EXERCISE INSTRUCTIONS — Print the data exactly as it appears, keeping every word.

*** AVAILABLE DATA ***

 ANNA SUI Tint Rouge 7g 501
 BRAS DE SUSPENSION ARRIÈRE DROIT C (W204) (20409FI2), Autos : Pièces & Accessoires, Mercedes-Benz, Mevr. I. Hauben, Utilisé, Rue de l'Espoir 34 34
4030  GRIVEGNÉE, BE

*** End of AVAILABLE DATA ***

RESPONSE FOR THIS EXERCISE —
 ANNA SUI Tint Rouge 7g 501
 BRAS DE SUSPENSION ARRIÈRE DROIT C (W204) (20409FI2), Autos : Pièces & Accessoires, Mercedes-Benz, Mevr. I. Hauben, Utilisé, Rue de l'Espoir 34 34
4030  GRIVEGNÉE, BE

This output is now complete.